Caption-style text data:
▬▬▬▬▬▬▬▬▬▬
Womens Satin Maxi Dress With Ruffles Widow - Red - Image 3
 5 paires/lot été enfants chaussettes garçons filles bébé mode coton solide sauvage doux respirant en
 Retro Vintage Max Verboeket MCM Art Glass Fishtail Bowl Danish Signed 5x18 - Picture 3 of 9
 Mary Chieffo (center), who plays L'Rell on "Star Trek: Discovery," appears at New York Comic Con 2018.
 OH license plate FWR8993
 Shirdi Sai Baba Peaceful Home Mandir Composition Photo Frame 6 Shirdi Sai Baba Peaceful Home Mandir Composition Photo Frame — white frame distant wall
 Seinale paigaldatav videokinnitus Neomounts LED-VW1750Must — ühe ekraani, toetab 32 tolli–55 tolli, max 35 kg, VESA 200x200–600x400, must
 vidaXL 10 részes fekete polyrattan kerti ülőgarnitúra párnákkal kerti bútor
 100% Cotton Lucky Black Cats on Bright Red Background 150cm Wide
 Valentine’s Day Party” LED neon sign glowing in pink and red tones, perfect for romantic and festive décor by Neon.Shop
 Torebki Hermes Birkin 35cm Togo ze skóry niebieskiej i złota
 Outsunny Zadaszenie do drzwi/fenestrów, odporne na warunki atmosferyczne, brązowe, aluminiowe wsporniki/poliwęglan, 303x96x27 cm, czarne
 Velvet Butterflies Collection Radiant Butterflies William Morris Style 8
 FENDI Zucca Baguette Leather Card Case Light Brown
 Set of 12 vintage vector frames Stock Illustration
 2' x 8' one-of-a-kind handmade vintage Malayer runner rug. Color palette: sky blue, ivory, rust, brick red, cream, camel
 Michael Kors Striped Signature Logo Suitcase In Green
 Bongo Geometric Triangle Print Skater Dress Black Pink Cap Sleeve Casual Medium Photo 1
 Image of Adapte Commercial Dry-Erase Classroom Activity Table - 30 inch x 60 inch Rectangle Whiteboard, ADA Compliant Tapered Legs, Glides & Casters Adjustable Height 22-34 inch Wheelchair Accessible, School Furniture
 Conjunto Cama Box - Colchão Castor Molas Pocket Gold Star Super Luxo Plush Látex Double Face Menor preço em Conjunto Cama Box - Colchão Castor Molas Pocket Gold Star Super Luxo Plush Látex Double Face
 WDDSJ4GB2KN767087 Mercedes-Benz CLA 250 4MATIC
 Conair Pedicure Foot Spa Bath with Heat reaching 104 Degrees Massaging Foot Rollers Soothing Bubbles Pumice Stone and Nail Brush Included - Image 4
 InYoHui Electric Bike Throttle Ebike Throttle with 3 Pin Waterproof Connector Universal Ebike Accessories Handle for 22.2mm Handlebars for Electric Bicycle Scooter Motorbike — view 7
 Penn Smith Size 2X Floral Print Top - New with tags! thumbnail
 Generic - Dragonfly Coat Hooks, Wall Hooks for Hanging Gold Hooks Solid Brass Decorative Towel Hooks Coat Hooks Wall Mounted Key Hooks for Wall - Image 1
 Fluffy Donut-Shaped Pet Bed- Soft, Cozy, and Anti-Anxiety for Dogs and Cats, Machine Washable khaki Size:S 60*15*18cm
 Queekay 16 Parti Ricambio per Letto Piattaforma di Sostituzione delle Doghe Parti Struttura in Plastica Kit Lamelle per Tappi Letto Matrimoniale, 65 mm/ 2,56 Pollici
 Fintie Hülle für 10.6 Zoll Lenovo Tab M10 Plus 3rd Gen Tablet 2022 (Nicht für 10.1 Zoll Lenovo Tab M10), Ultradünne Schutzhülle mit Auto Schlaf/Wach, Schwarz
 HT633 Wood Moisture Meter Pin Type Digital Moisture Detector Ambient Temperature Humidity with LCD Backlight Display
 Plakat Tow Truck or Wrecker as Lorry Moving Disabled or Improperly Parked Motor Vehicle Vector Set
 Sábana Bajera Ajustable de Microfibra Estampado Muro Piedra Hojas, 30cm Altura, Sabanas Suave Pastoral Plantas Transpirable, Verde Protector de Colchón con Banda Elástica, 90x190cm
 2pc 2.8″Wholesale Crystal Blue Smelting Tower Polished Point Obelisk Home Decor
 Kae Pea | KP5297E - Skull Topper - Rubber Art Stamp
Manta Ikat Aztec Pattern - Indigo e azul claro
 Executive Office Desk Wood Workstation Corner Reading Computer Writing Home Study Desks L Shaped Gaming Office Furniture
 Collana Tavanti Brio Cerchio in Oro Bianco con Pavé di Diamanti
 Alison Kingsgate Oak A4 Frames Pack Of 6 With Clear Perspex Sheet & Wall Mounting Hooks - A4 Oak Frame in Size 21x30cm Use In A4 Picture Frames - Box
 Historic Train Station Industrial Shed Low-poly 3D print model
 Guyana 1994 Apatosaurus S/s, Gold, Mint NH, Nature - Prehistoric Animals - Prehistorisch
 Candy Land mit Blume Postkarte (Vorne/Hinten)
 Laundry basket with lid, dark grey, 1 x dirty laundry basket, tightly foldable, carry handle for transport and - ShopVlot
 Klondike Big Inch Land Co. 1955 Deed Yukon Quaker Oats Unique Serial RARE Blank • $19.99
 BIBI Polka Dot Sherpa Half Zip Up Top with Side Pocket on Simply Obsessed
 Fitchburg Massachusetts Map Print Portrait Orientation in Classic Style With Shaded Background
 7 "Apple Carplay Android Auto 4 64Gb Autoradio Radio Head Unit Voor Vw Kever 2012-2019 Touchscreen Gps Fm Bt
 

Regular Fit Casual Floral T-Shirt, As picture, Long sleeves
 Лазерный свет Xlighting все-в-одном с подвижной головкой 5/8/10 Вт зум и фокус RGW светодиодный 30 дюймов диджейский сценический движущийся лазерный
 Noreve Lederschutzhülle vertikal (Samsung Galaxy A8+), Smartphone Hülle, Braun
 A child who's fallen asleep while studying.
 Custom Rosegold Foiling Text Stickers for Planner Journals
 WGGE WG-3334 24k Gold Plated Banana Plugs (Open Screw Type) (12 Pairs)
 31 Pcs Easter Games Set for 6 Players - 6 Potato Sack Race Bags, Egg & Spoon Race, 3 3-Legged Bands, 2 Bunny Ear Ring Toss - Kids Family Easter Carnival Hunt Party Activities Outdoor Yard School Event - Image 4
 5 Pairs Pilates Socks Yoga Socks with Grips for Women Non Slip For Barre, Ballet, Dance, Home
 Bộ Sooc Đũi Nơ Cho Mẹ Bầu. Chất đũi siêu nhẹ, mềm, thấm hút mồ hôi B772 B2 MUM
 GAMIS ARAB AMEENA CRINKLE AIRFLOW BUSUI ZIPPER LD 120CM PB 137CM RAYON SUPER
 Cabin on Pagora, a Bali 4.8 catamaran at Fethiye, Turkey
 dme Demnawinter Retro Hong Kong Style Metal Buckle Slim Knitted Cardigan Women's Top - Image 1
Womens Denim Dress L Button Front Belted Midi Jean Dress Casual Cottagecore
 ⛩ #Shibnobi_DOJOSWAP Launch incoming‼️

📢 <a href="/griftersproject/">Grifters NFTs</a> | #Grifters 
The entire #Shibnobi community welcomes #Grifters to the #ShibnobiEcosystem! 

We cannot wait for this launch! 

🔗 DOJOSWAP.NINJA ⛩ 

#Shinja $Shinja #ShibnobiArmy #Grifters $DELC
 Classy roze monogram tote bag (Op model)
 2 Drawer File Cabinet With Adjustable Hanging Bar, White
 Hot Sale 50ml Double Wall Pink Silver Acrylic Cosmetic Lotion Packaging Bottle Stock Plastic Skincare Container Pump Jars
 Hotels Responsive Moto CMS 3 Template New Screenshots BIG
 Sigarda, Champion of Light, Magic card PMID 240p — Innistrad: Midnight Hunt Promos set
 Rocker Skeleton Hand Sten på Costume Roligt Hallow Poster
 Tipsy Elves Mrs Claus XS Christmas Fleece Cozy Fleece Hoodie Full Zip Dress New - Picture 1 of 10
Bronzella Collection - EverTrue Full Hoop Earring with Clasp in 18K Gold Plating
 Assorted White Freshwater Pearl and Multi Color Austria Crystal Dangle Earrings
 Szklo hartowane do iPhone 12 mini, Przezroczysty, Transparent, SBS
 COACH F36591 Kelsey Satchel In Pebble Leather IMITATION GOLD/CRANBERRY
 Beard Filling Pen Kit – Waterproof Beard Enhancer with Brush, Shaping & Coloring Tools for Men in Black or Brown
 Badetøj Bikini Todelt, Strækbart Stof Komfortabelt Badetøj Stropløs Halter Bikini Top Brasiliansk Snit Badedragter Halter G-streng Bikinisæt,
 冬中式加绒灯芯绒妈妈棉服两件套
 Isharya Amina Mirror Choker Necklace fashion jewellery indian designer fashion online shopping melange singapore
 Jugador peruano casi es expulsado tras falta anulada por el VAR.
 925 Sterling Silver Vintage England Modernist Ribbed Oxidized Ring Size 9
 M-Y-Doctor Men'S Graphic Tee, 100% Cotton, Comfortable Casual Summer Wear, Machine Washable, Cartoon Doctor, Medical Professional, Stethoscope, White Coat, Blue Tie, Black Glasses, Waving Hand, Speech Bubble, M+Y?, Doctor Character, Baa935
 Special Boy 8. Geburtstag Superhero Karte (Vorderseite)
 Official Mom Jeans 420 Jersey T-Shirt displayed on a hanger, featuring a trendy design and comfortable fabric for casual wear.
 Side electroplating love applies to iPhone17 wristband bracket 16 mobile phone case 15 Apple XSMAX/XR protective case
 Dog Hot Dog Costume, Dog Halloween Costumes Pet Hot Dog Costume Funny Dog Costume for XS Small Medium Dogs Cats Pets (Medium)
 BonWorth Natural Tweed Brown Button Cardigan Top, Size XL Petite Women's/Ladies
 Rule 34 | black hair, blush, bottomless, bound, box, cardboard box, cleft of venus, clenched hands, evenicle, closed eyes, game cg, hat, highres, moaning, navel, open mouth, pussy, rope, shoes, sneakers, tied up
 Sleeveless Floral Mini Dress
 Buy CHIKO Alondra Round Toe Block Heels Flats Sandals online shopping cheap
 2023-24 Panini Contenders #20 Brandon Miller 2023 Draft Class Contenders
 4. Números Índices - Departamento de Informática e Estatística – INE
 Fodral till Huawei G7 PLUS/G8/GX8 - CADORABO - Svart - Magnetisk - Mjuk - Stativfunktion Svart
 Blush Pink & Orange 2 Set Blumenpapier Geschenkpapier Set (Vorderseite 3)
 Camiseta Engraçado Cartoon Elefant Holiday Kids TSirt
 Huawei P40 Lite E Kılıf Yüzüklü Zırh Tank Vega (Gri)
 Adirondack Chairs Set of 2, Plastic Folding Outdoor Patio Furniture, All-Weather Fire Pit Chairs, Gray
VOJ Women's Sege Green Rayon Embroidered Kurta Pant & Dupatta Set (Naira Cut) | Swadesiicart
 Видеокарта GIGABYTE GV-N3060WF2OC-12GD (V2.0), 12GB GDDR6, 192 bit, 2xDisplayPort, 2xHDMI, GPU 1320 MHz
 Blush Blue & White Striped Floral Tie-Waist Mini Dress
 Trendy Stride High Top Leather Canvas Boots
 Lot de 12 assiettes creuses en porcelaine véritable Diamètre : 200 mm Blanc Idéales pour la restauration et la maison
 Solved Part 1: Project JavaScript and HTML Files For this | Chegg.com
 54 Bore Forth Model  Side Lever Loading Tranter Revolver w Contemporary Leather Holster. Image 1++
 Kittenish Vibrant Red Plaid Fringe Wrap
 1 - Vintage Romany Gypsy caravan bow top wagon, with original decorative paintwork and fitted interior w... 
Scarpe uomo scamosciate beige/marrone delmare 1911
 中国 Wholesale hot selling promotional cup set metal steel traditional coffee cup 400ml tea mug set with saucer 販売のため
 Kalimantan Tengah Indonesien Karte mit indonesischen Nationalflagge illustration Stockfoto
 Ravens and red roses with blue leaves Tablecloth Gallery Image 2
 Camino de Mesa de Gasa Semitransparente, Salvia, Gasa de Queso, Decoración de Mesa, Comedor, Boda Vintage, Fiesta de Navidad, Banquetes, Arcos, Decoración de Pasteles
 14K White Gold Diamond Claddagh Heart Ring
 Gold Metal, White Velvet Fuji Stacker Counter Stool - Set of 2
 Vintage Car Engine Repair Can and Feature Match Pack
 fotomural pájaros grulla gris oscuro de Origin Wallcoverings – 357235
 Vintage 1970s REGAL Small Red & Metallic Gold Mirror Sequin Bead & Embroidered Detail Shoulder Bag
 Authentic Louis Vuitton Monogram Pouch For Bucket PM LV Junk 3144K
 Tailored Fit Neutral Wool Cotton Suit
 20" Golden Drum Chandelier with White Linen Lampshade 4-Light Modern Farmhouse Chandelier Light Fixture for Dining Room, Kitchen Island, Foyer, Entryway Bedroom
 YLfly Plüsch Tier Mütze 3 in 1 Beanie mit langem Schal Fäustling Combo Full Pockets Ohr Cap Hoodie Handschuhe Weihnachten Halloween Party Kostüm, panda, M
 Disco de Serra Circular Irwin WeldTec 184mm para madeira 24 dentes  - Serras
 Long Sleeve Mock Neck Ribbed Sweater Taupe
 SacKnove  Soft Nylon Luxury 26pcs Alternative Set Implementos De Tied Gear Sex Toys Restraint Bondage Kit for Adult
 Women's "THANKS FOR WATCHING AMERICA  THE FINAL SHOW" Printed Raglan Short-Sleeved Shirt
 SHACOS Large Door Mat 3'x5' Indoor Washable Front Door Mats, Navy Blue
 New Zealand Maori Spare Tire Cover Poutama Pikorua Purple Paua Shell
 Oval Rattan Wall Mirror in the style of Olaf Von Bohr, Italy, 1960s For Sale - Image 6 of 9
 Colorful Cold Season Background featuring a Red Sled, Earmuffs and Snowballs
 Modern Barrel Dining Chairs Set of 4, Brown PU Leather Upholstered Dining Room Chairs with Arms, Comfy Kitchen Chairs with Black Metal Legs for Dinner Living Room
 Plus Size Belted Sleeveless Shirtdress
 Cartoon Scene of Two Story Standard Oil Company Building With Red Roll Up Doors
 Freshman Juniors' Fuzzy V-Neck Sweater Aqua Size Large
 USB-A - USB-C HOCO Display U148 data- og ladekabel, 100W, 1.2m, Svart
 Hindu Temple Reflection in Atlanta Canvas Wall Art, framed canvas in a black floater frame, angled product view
▬▬▬▬▬▬▬▬▬▬
From the records above, copy only the lines starting with the line that holds "Blush Pink &" and going on through the line that holds "Trendy Stride High Top Leather Canvas Boots", exactly as written.

 Blush Pink & Orange 2 Set Blumenpapier Geschenkpapier Set (Vorderseite 3)
 Camiseta Engraçado Cartoon Elefant Holiday Kids TSirt
 Huawei P40 Lite E Kılıf Yüzüklü Zırh Tank Vega (Gri)
 Adirondack Chairs Set of 2, Plastic Folding Outdoor Patio Furniture, All-Weather Fire Pit Chairs, Gray
VOJ Women's Sege Green Rayon Embroidered Kurta Pant & Dupatta Set (Naira Cut) | Swadesiicart
 Видеокарта GIGABYTE GV-N3060WF2OC-12GD (V2.0), 12GB GDDR6, 192 bit, 2xDisplayPort, 2xHDMI, GPU 1320 MHz
 Blush Blue & White Striped Floral Tie-Waist Mini Dress
 Trendy Stride High Top Leather Canvas Boots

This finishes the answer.